High inflation in the Netherlands is a temporary phenomenon

High inflation in the Netherlands is a temporary phenomenon

The high inflation in the Netherlands is a temporary phenomenon according to the Dutch Central Bank (DNB).

Prices in the Netherlands are rising sharply. In the past ten months, inflation according to the European Harmonised Index of Consumer Prices (HICP) surpassed the 3% level nine times. Government measures are pushing up inflation, which is why DNB expect the current high level of inflation to be temporary. The effect of government measures on inflation will ease off significantly in the course of this year.

In July inflation in the Netherlands came to 3.1%, almost twice as high as euro-area inflation. Nevertheless, an inflation differential of this size is not exceptional. Figure 1 shows inflation in the Netherlands and the euro area since the start of EMU in 1999. Prices in the Netherlands rose the most and the inflation differential relative to the euro area was the most pronounced at the start of this century. In April and May of 2001 inflation in the Netherlands was as high as 5.5%. In the same year, the inflation differential relative to the euro area repeatedly recorded more than 3 percentage points.

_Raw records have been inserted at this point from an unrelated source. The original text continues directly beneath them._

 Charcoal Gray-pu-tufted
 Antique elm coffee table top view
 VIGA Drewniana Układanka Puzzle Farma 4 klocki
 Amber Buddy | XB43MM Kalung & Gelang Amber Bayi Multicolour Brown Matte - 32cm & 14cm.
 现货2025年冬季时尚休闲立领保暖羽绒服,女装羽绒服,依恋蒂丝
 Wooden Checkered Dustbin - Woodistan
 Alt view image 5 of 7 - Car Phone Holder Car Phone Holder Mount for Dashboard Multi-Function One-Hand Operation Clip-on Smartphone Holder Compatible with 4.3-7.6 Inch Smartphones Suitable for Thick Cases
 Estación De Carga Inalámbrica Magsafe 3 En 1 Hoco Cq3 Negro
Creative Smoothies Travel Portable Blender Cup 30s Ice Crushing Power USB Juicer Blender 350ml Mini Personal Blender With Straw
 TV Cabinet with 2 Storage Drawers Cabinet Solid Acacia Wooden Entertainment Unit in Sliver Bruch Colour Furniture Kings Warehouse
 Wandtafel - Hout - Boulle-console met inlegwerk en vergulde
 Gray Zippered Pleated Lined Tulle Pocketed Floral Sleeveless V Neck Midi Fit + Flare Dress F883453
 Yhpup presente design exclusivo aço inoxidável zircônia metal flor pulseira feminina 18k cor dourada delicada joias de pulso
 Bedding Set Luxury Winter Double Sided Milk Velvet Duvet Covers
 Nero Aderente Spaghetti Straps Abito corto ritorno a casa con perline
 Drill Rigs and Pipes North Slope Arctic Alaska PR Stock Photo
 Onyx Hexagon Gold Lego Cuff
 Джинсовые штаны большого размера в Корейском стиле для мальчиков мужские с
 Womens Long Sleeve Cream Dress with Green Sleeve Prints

On average prices have risen 2.3% in the Netherlands and 2% in the euro area since the start of EMU. Especially at the start of the monetary union, inflation in the Netherlands was higher, and after that it was often lower than that in the other euro-area countries.

According to our June forecast, inflation will remain high at 2.7% this year (see our Economic Developments and Outlook). Inflation is expected to drop sharply in October as the effect of the VAT increase will unwind. DNB estimate inflation of 1.6% and 1.5% in 2014 and 2015, respectively, which are more fitting levels for the state of economic activity.